出土遺跡:クノッソス宮殿遺跡・王家の邸宅Royal Villa
表現:準宮殿様式・美形の水差し・抽象化のパピルスの絵柄
年代:LMIIIA期・紀元前1400年〜前1300年
展示:HAM
現地:クレタ島・中央北部
描画:大久保栄次
GPS:35°17'57''N 25°09'52''E/標高80m


 クノッソス宮殿遺跡・東入口の周囲林の北東の方向、農道の右下(東側)に残るクノッソス宮殿の尊貴な王族や祭司などが居住した、王家の邸宅Royal Villaの遺構からは、準宮殿様式の美しい器形の水差しが見つかっている。
 特徴的な長い頸部と注ぎ口、楕円形状のハンドル、肩部の絵柄には抽象化されたパピルスの花、腹部に横帯線無地のスペースを活かしたデザイン、後期ミノア文明LMIIIA期・紀元前1400年〜前1300年の作品である。


III-10-03 ファイアンス製《ヘビの女神像》

            ミノア文明 クノッソス宮殿遺跡・西翼部・聖域・神殿宝庫 ヘビの女神像

出土遺跡:クノッソス宮殿遺跡・西翼部・聖域・神殿宝庫
表現:ファイアンス陶器《ヘビの女神像》
・左 母女神像=HAM・登録番号63/高さ342mm
・右 娘女神像=HAM・登録番号65/高さ295mm
年代:MMIIIA期・紀元前1625年頃
現地:クレタ島・中央北部
撮影:1994年


 クノッソス宮殿遺跡・聖域・神殿宝庫Temple Repositoriesから出土したファイアンス陶器《ヘビの女神像》は、上半身の欠けた一体と同じ製作様式の合計三体が、厳密に言えば宝庫の東側の収納ピットの中から見つかった。一部の研究者は、これらのファイアンス像は「女神の母と娘」を表していると判断している。両刃斧と同じ、《ヘビの女神》はミノアの人々から絶対的に崇拝されていた、言わばミノア文明の「最高崇拝シンボル」の一つでもあった。
 両手を上方へ広げた高さ295mmの細身の「娘女神」は両手に蛇を持ち、豊かな胸はコルセット風の引き締まった衣装から完全にはみ出している。娘女神の頭上にはネコ科のレパード(ヒョウ)か、メスライオンが佇んでいる。両手をやや広めに下げた高さ342mmの「母女神」はヘビを両腕に巻き付けている。


III-10-16 テラコッタ製 《雄牛遊び》

            ミノア文明 コウマサ遺跡 テラコッタ製塑像 雄牛遊び

出土遺跡:コウマサ遺跡・円形墳墓E
表現:テラコッタ製・三人のミノア男性の《雄牛遊び・雄牛乗り》
年代:MMIIA期・紀元前1800年頃
展示:HAM・登録番号4676/長さL208mm
現地:クレタ島・メッサラ平野・フェストス宮殿遺跡〜東南東20km
描画:大久保栄次
GPS:34°59'00''N 25°00'47''E/標高360m


 南西部・メッサラ平野のコウマサ遺跡Koumasaの円形墳墓からは、ミノア文明の特徴の一つ、「雄牛跳び」に共通する、テラコッタ製のリュトン杯《雄牛遊び or 雄牛乗り》が出土している。
 三基のメッサラ様式の円形墳墓と一基の方形墳墓が確認されたコウマサでは、初期ミノア文明EMII期・紀元前2600年頃から埋葬が始まったとされ、特にテラコッタ製のリュトン杯《雄牛遊び or 雄牛乗り》が出土した円形墳墓Eは、「旧宮殿時代」に相当する時期、中期ミノア文明MMIIA期・紀元前1800年頃の埋葬に使われた。
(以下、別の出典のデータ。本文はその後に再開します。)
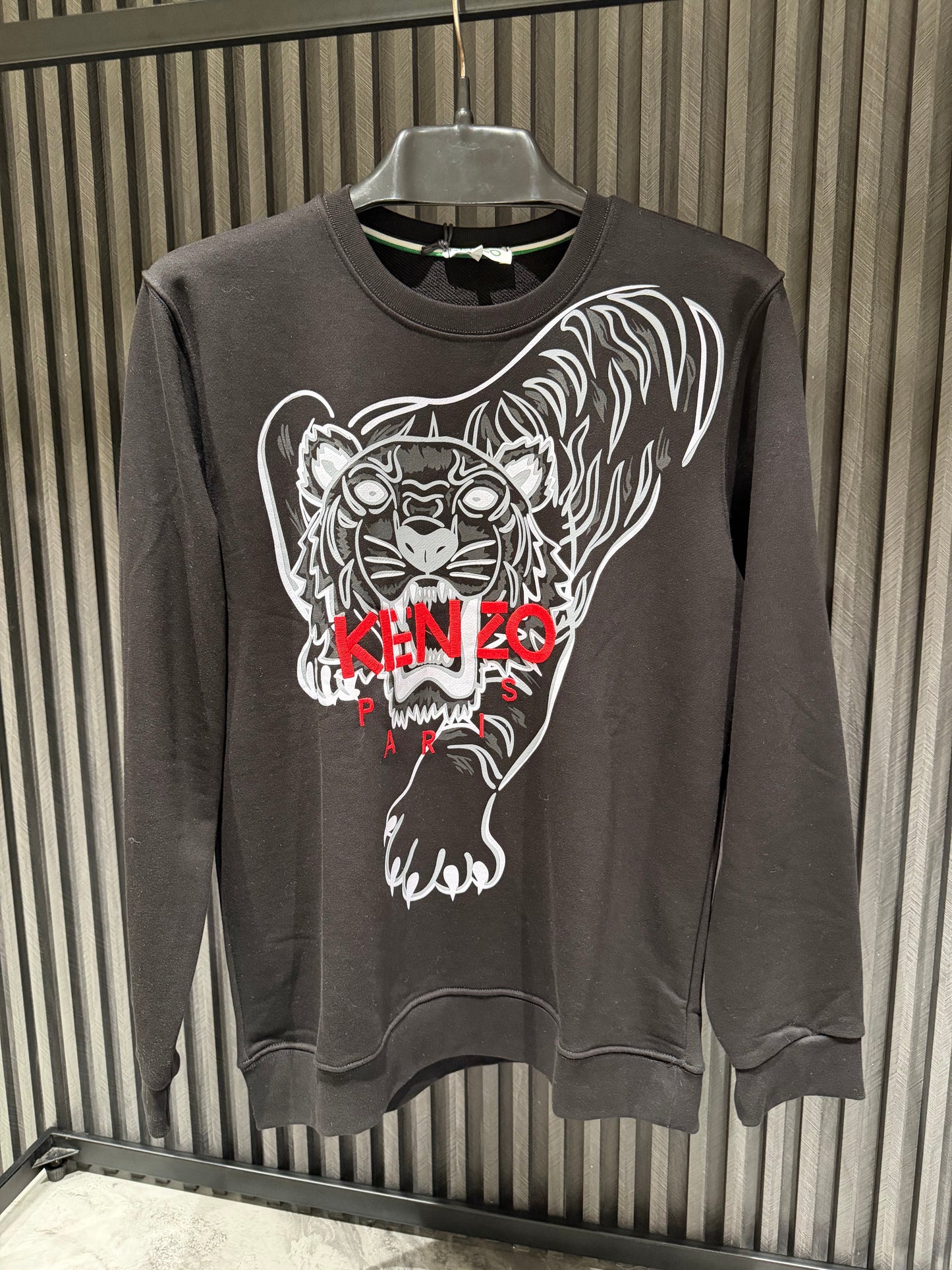KENZO TURKEY SWEATSHIRT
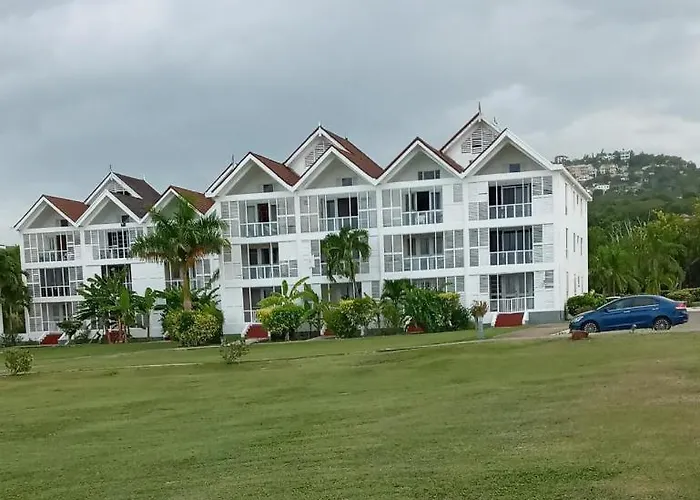 Apartamento C'daview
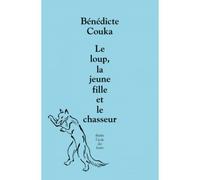 Le loup, la jeune fille et le chasseur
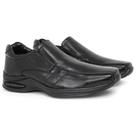 Sapato Social Jota Pe AirLife Amortecedor Gel Airbag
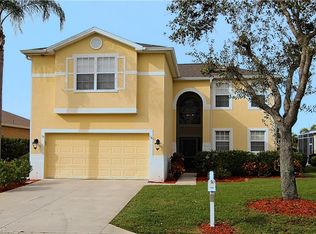 13392 Hampton Park Ct, Fort Myers, FL 33913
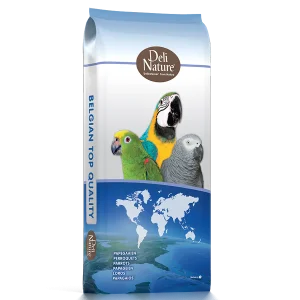 Deli Nature 27 - Cooking Mix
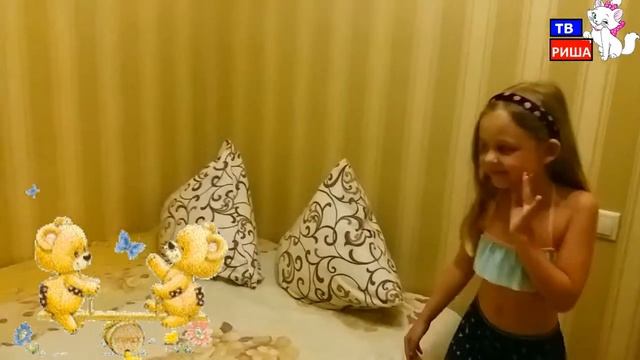 Номер в гостинице * Сочи * ОБЗОР\Hotel room*Sochi*Russia смотреть онлайн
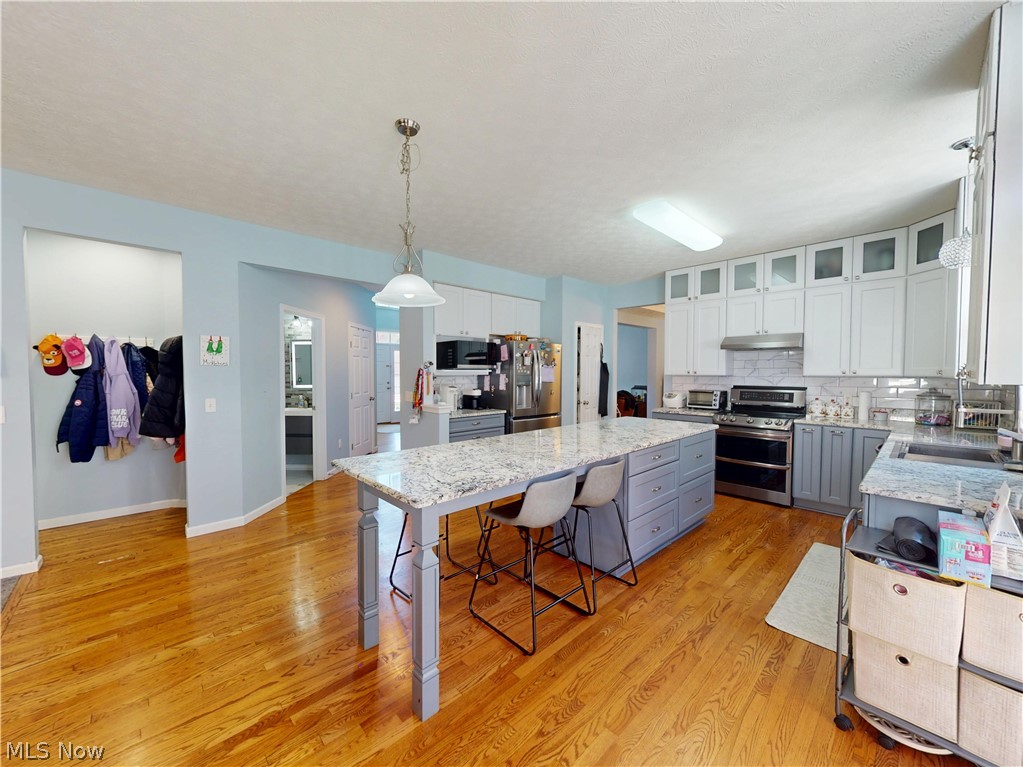 4484 Castlegate Boulevard Uniontown OH 44685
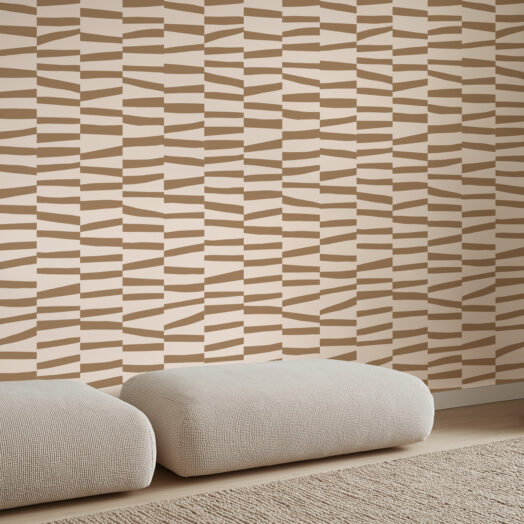 Bold Lines Behang | CollectivWarehouse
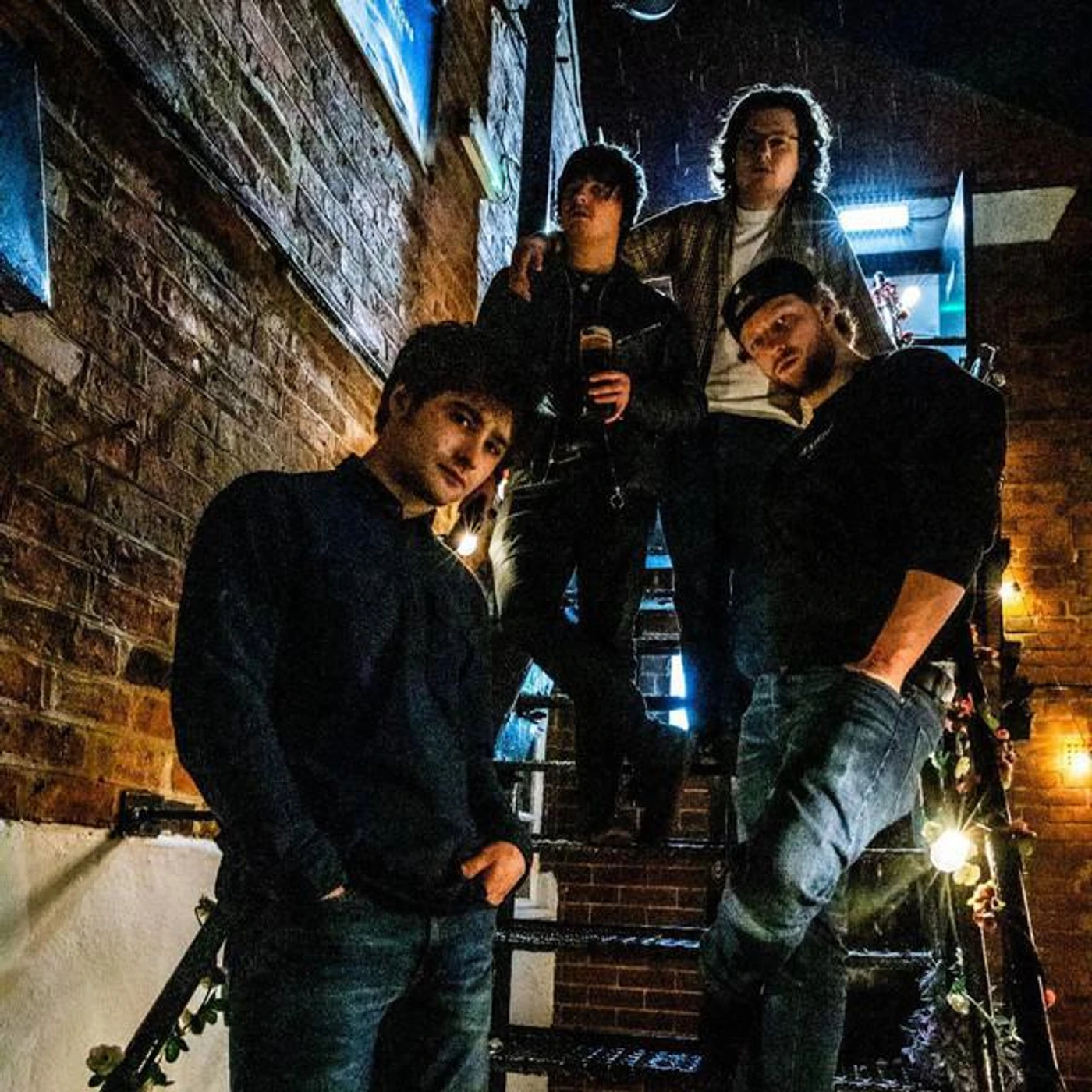 Shadows Of A Silhouette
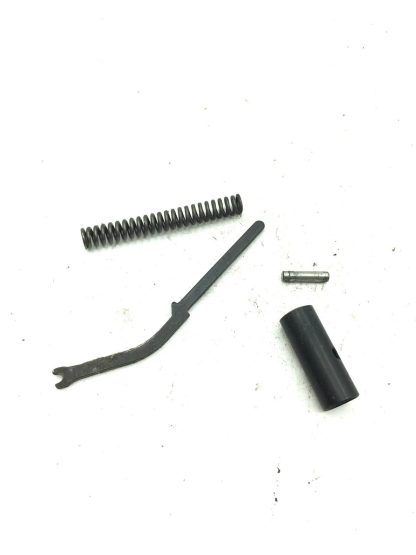 Ruger P94 9mm, Pistol parts, Strut, Spring, Seat - Image 4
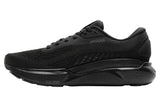 Brooks Adrenaline GTS 24 4E Black/Black/Ebony Mens #color_black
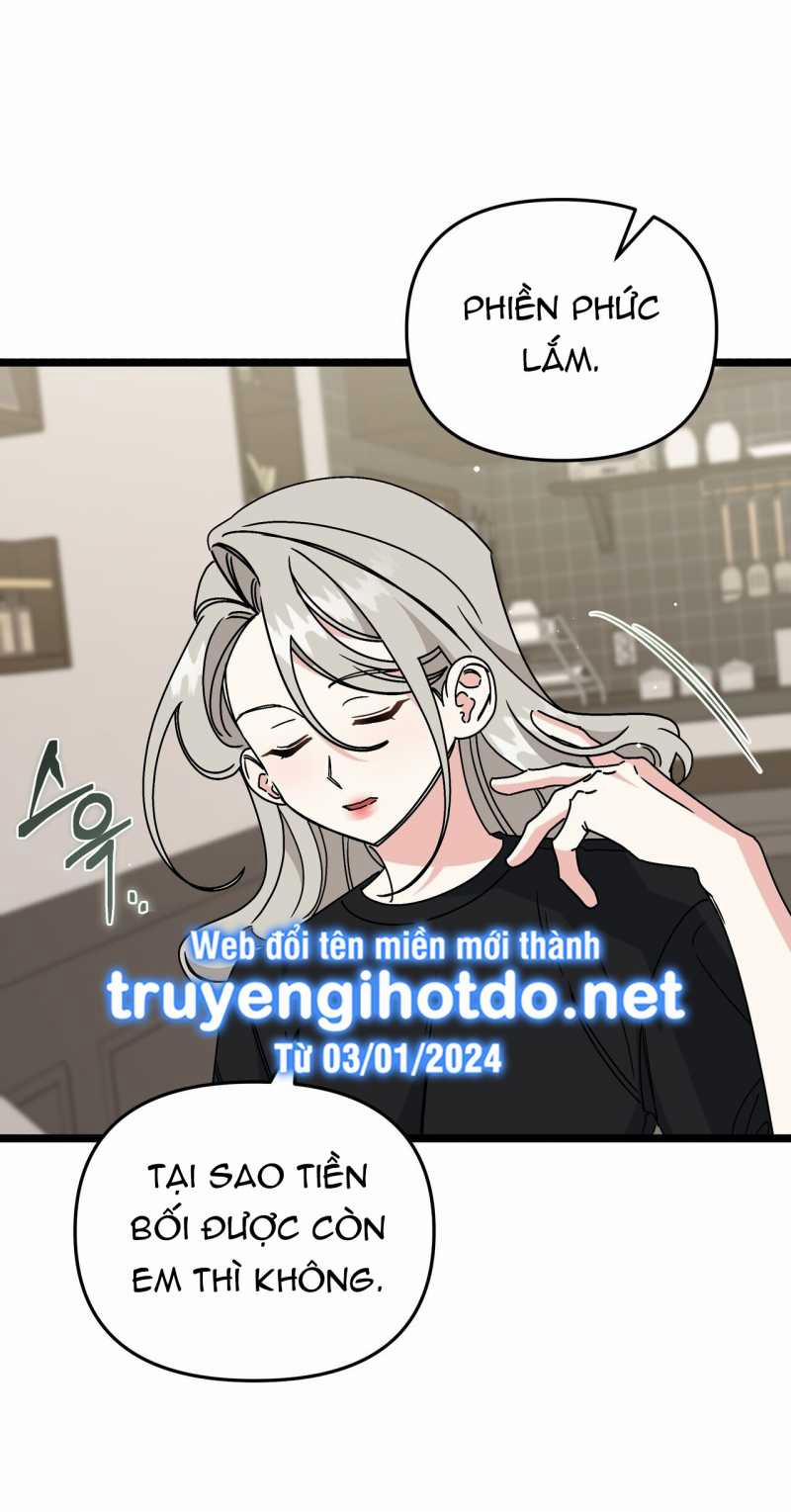 [18+] Cảm Lạnh 33.1 trang 27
III-12-10 テラコッタ製 《ミノア王妃のバスタブ》

          ミノア文明 クノッソス宮殿遺跡・東翼部・ミノア王妃のバスルーム 「世界最古のバスタブ」

出土遺跡:クノッソス宮殿遺跡・東翼部・ミノア王妃のバスルーム
表現:「世界最古のお風呂」=実用のバスタブ
年代:MMIIIA期〜LMIIIA1期・紀元前1625年〜前1375年
展示:宮殿遺構(現在 立入禁止区域)
現地:クレタ島・中央北部
撮影:1982年


 クノッソス宮殿遺跡・東翼部・王妃の間コンプレックスQueen’s Room Complex、王妃の間の西側には直結されたミノア王妃のバスルームがある。残念ながら、現在、王妃のバスルームの立入見学は許されていない。
 バスルームはそれほど広くなく、内部には小さな鉢植えなどを置いたであろう、高さ1mの仕切り壁と細い円柱一本がある。王妃のバスタブが置かれた実用のお風呂スペースは南北2.4m・東西2.3m、和風サイズ換算=約3畳半の広さである。
 120年前、Sir Arthur John Evansによる発掘ミッションの後、時間経過とクレタ島の乾燥した外気に触れていることから、1982年の撮影時点では、ミノア王妃のバスタブにクラック割れが確認でき、石膏プラスターの塗壁表装の剥離も目立ち、変色と劣化もかなり進行していた。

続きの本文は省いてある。